Le responsable du programme explique que la structure de la maîtrise qualifiante était tirée de celle du
baccalauréat en enseignement, qui invite les étudiant·e·s à faire des stages dans des milieux différents. «C’est très bien, mais pas adapté à la réalité de la maîtrise qualifiante et de la pénurie d’enseignants »,
ajoute-t-il.
L’urgence d’agir
En réponse à l’essoufflement des étudiant·e·s que met en lumière l’enquête du Devoir, la doyenne insiste
sur l’importance de remettre les pendules à l’heure.
« Tout le monde est essoufflé, pas juste les étudiants inscrits à cette maîtrise, alerte-t-elle. Tout le monde
qui évolue dans le milieu de l’enseignement en ce moment est épuisé. »
En outre, selon Mme Ammar, la durée de la maîtrise n’explique pas la baisse du taux de diplomation. Bien
que ce paramètre y contribue, les conditions de travail difficiles dans les écoles constituent également un
facteur de fatigue important.
Les taux de rétention et de diplomation sont d’ailleurs les mêmes que ceux d’autres programmes de
maîtrise qui débouchent vers des secteurs qui ne sont pas touchés par une pénurie de main-d’œuvre.
« Un travail collectif »
M. Gonzalez-Martin abonde dans le même sens. « Nous sommes tous dans l’urgence, mais nous voulons
prendre des décisions pérennes, affirme-t-il. C’est une situation difficile, nous faisons face à un cercle
vicieux dans lequel il faut former des enseignants rapidement, mais les écoles ne peuvent pas libérer leurs enseignants non légalement qualifiés pour leur donner le temps de se former correctement et obtenir leur brevet. »

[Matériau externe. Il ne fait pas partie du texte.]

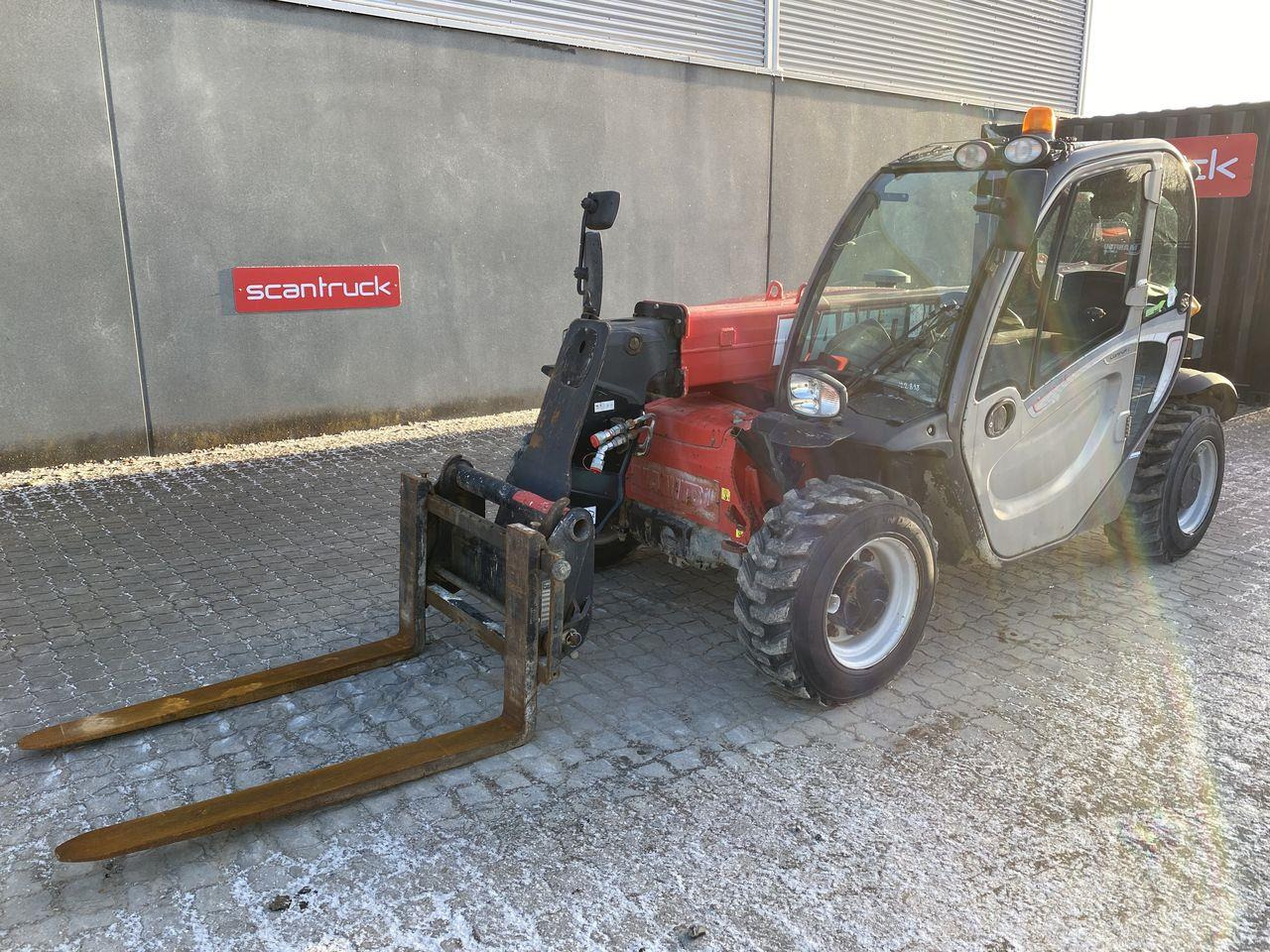 Manitou MT625H Comfort - Телескопический погрузчик: фото 1 Manitou MT625H Comfort - Телескопический погрузчик: фото 1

Selon lui, la solution se trouve dans un « travail collectif ». Il estime que le système d’éducation doit
réfléchir à la façon d’accompagner ces personnes pour assurer leur réussite et leur épanouissement. À
l’heure actuelle, des programmes de mentorat existent, mais ils ne sont pas toujours offerts en raison d’un manque de ressources.
Mme Girard, qui approche de la fin de son parcours, confie pour sa part que la meilleure voie pour elle
aurait été « une formule misant sur la concordance entre les cours et le travail dans une école ».